---------- Source data ----------

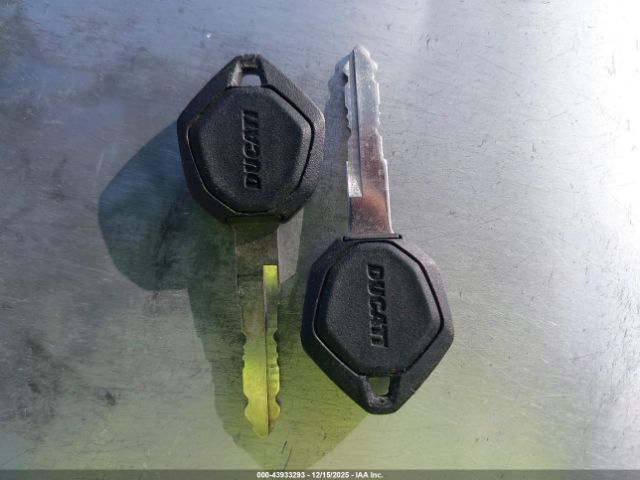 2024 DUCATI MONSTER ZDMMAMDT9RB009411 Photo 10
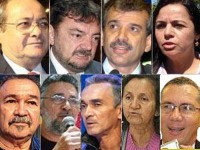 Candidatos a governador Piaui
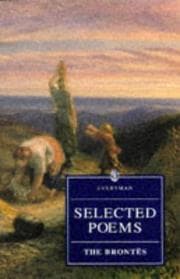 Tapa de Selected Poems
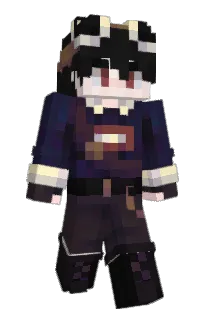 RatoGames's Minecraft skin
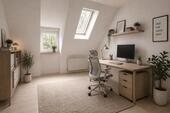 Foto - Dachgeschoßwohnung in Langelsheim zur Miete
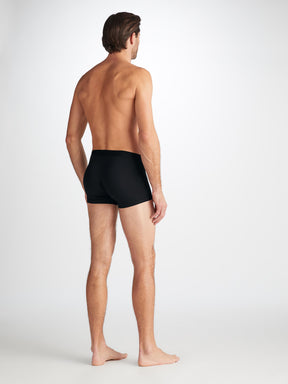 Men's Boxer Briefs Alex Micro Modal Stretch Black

----------
---------- Source data ----------

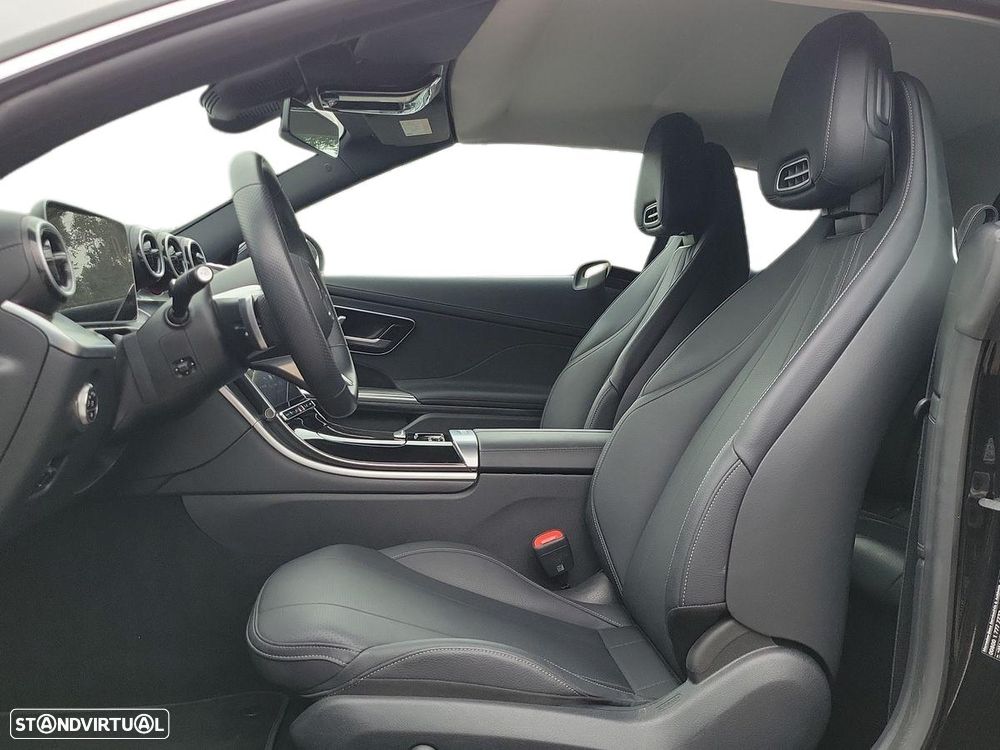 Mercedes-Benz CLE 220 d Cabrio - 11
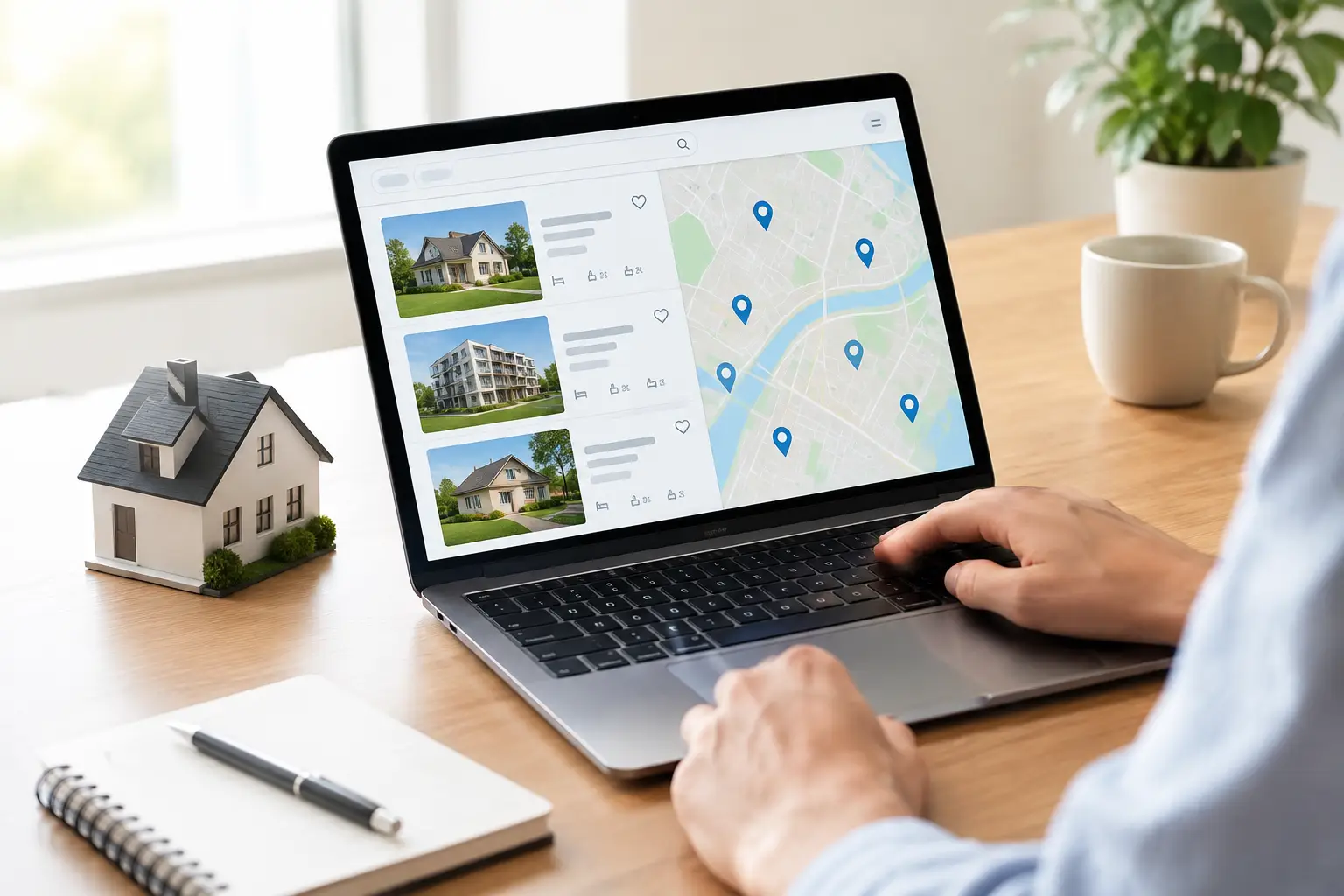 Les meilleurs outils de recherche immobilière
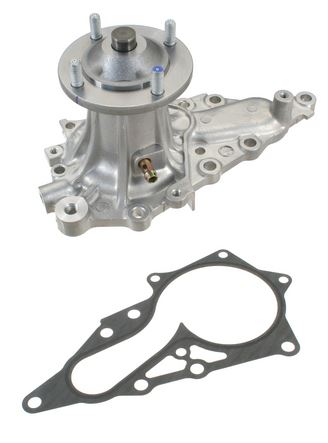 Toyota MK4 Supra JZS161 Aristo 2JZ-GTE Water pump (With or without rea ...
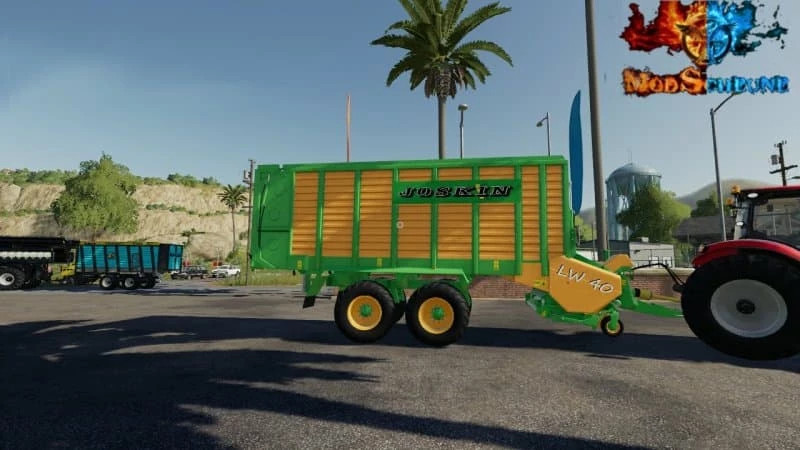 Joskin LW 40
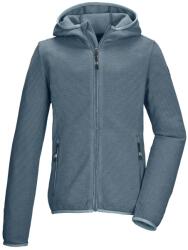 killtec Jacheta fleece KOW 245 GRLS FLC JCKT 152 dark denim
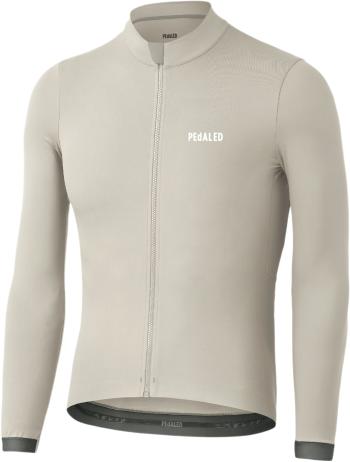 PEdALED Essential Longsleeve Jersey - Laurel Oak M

----------

_Exercise details_. From the records above, copy exactly the stretch from the line holding "2024 DUCATI MONSTER" through the line holding "Men's Boxer Briefs", both ends included, without the pictures.

_Output of the exercise_.
 2024 DUCATI MONSTER ZDMMAMDT9RB009411 Photo 10
 Candidatos a governador Piaui
 Tapa de Selected Poems
 RatoGames's Minecraft skin
 Foto - Dachgeschoßwohnung in Langelsheim zur Miete
 Men's Boxer Briefs Alex Micro Modal Stretch Black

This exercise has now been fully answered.